JK YANG LUCU.. Jauh Ke Negeri Orang Mau Damaikan Konflik, Di Negeri Sendiri Biarkan Konflik

JK YANG LUCU

Baca teleteks di TV, JK berkunjung ke Afghanistan untuk mendamaikan pemerintahan Afghanistan dan Taliban. JK menjadi penengah sebagai mediator upaya dialog antara pemerintah berkuasa Afhanistan dan oposisi ulama Taliban. 

Saat menjadi wapres, pemerintah Taliban pernah berkunjung ke Indonesia dan menemui JK untuk meminta bantuannya.
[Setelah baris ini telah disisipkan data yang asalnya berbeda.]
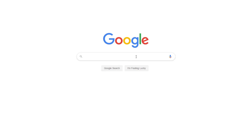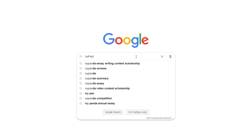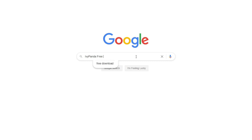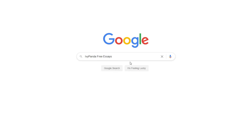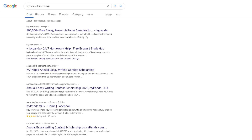This essay example, as well as thousands of others, is available in text format on our website for free and without registration. Simply Google Ivy Panda Free Essays.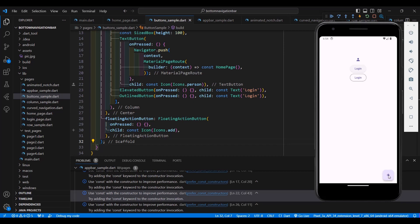If you want to add any operation, call any methods, or navigate to another page from the FloatingActionButton, you can place your code inside the curly brackets of onPressed. That is all for the buttons — see you in my next video.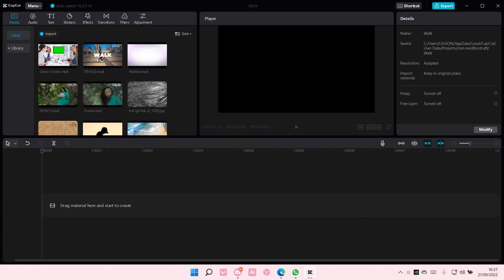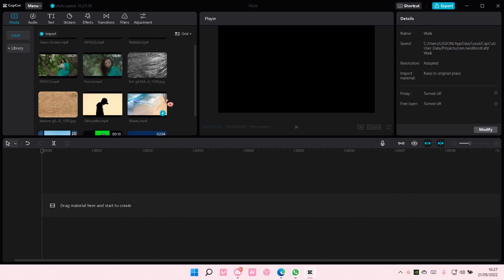Hey guys and welcome back to this channel. In this video, I'll be showing you guys how you can overlay a green screen on a video on CapCut PC.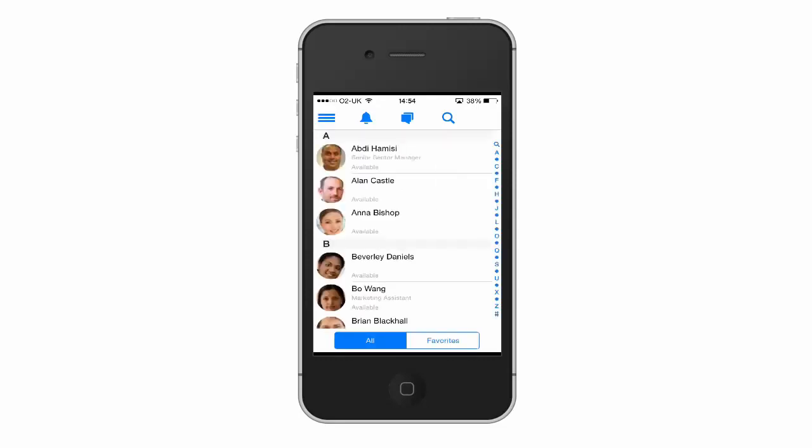So the co-workers list in Hornbill really gives you that advantage of getting access to the most up-to-date information on the people that you work with, without that worry of having to manage your local contacts on your phone.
Baru saat ini JK memenuhi permintaan mereka, dan menuju Afghanistan. 

Sebagai ketua Dewan Masjid dan ketua Palang Merah Indonesia, JK bersedia menjadi mediator perdamaian.

Sampai sini, cuma bisa bengong liat antusias JK yang semangat mendamaikan konflik di negara orang. Ada orang Indonesia yang diminta bantuan negara luar untuk mendamaikan konflik negaranya, itu super sekali. 

Tapi jadi ambigu saat negara asal JK sendiri masih menyimpan konflik antara satu kelompok ulama dan pemerintahnya. 

Kenapa JK lebih konsen mendamaikan konflik antara ulama Taliban dan Pemerintah Afghanistan, dibandingkan mendamaikan konflik antara Ulama oposisi dengan pemerintah disini?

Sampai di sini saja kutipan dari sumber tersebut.